Extensively drug-resistant tuberculosis (XDR-TB) is the kind of germ that makes public-health officials go very pale when they talk about it. TB is bad enough, wasting bodies, ravaging lungs. The multi-- drug-resistant kind is worse. And XDR is the very rare but very awful strain that has all but exhausted the medical arsenal, leaving mainly faith and force as weapons: keep the patient isolated and hope that some treatment works against it, which happens in less than one-third of cases. The good news is that most people infected with the germ won't develop the disease; there have been fewer than 50 cases in the U.S. since 1993. The bad news is that extended contact in an enclosed space--like a long airplane flight--is the perfect petri dish.
When news broke that a Georgia man had potentially infected dozens of fellow plane passengers, it sent a shudder through the global-health system. Now he's in isolation, with an armed guard outside his hospital door, and other passengers have been told to get tested. Just as there's no way to stop infected birds from migrating or dangerous viruses from mutating, the only way to stop a disease like this from spreading is to keep the carrier away from anyone he might infect. "We depend on a covenant of trust," said Dr. Martin Cetron of the Centers for Disease Control, and after the patient ignored the agency's warnings not to fly, he found himself under the first federal isolation order issued in 44 years.
The word quarantine comes from Latin for 40, the number of days Venice required ships to stay anchored before landing to prevent the spread of the Black Death in the 14th century.

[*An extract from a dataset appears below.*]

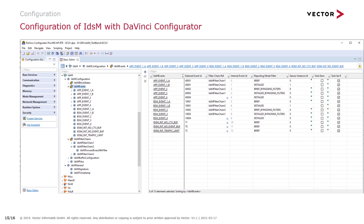As a Vector module, the IDS-M can be configured via the DaVinci Configurator, so no external or IDS-specific tooling is required. With the IDS-M configuration in DaVinci, you can define your security events, connect them to reporting modules, define filter chains, and configure basic properties like timestamping or signatures. Thank you very much for your attention. If you have any further questions regarding the IDS-M module and the available security events and sensors, don't hesitate to contact us at Vector Informatik.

Since 2002 the government has claimed broad powers to isolate anyone who poses a public-health threat--including those who may have been exposed but aren't yet sick--to contain a flu pandemic or a bioterrorist attack. Various states are flexing their muscles; authorities in Arizona have locked up a TB patient because he refused to wear a mask when he went outside. In New York, patients who refuse to take their meds--an action that can promote drug-resistant strains of TB--can be confined. Such cases are a reminder that there are no antidotes yet for ignorance or indifference, and that the first line of defense against a deadly outbreak is the individual conscience.